Mind that when you do something like,
low = (*big_p) & 0xff;
high = (*big_p) >> 8;
big_p += sizeof(array[0]);
assuming sizeof(array[0]) is 2 (so you aren't skipping bytes), the compiler will emit code to access the first byte, then the second byte, then increment the pointer. In subsequent optimization steps (assuming more than -O0), it should realize that these steps are redundant (e.g., loading a 16-bit value into a pair of 8-bit registers, saving 'low'; loading them over again, shifting them over by a whole register width, then saving 'high'..), and optimize it down to sensible code. In particular, for something like AVR, it has to increment the pointer and load memory, which should reduce to a pair of lds reg, [reg+] instructions. Which includes the increment right there, so it's done.
This is why it's always a good idea to inspect the assembled output, to make sure you're doing what you think you're doing.

Instead of explicitly incrementing the pointer, indexing the array in a loop should reduce to very similar results.

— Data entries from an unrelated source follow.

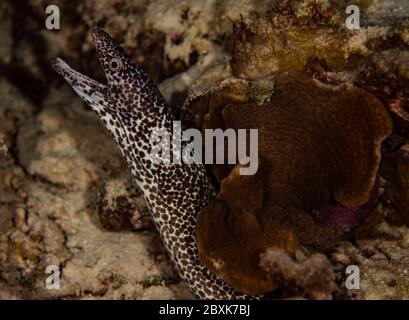 Une anguille moray à pois qui pend sur le récif de Bonaire, aux Pays-Bas. Banque D'Images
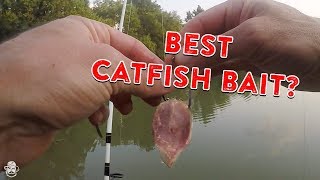 How To Catch Catfish From The Bank  Catfishing Bait Rigs amp Tips [upl. by Ennairam]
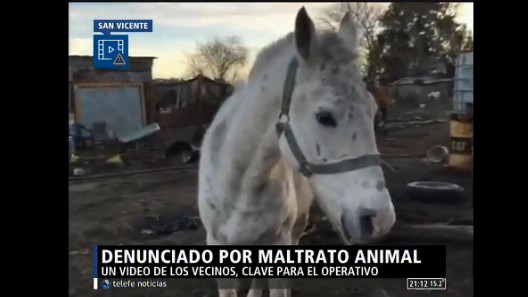 Historia de una verdadera "animalada": torturaba a sus animales y fue denunciado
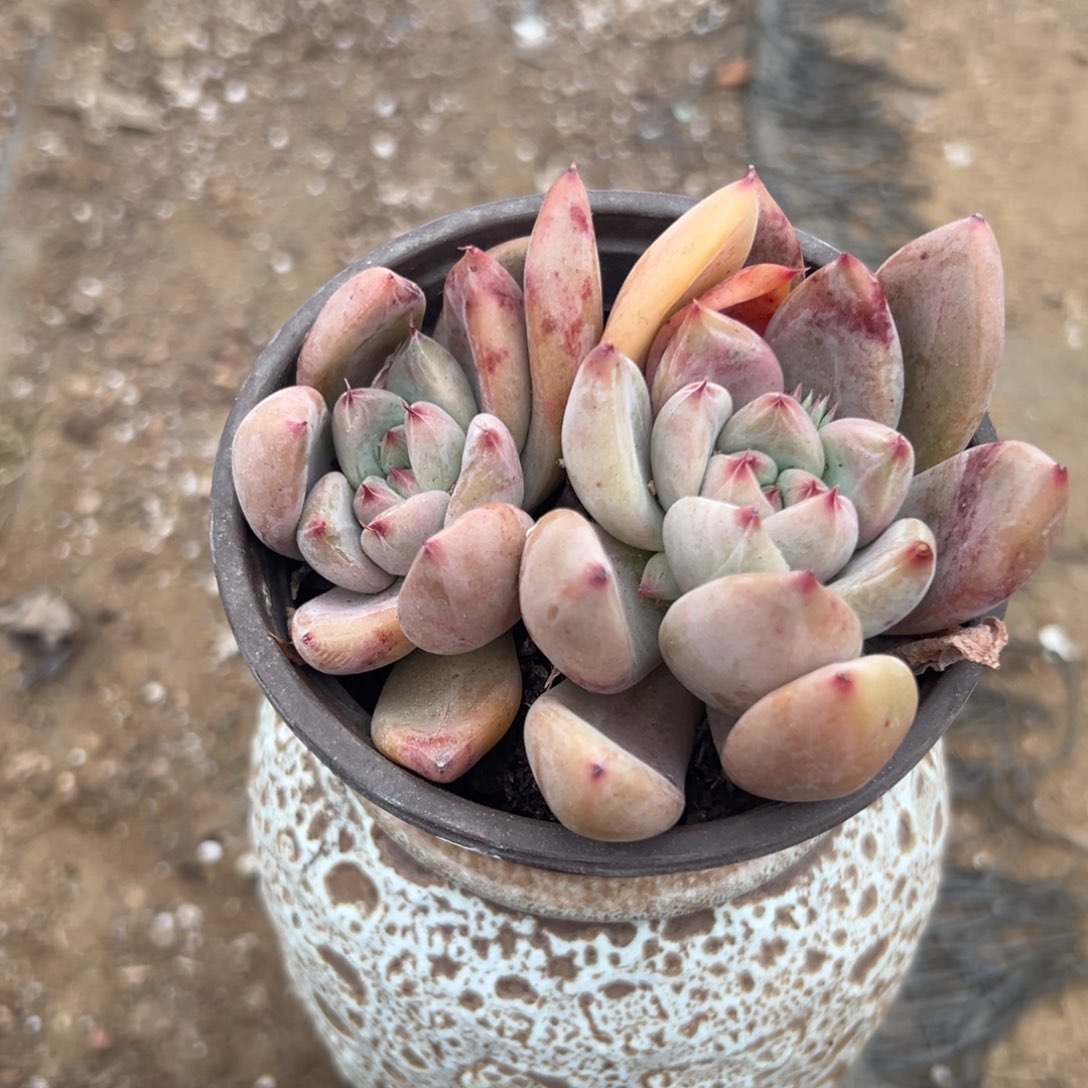 多肉植物婚钻双头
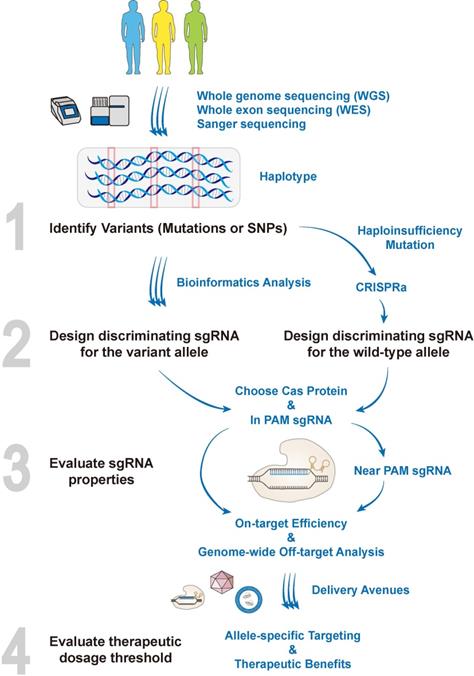 Theranostics Image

Such code is always portable to other platforms, at some cost to memory or efficiency. For example, a 32-bit machine will have an int array with a natural width of 4 bytes, but as long as you're using the same portable logic, you're only writing and reading the lower 16. Memory is wasted, but access is not inefficient, in that it stays word-aligned. (You usually pay a price for misaligned access: x86 memory fetch requires an entire bus cycle whether you're reading a single byte or the full bus; ARM doesn't allow it at all and so the compiler must generate fetch, mask and bitshift instructions. In both cases, the faster code will load a word into a register, and chop it up from there.) Likewise for big-endian systems, the pointer might have to stutter-step (e.g., 6809), costing execution time and code space, but remaining correct.
There can be no such thing as truly portable code; you can optimize your code structure to suit some platforms, and you can use #defines to target multiple platforms, but only as many as you have tested (and have driver support for -- in an embedded context, this is the probably the bigger challenge).
Tim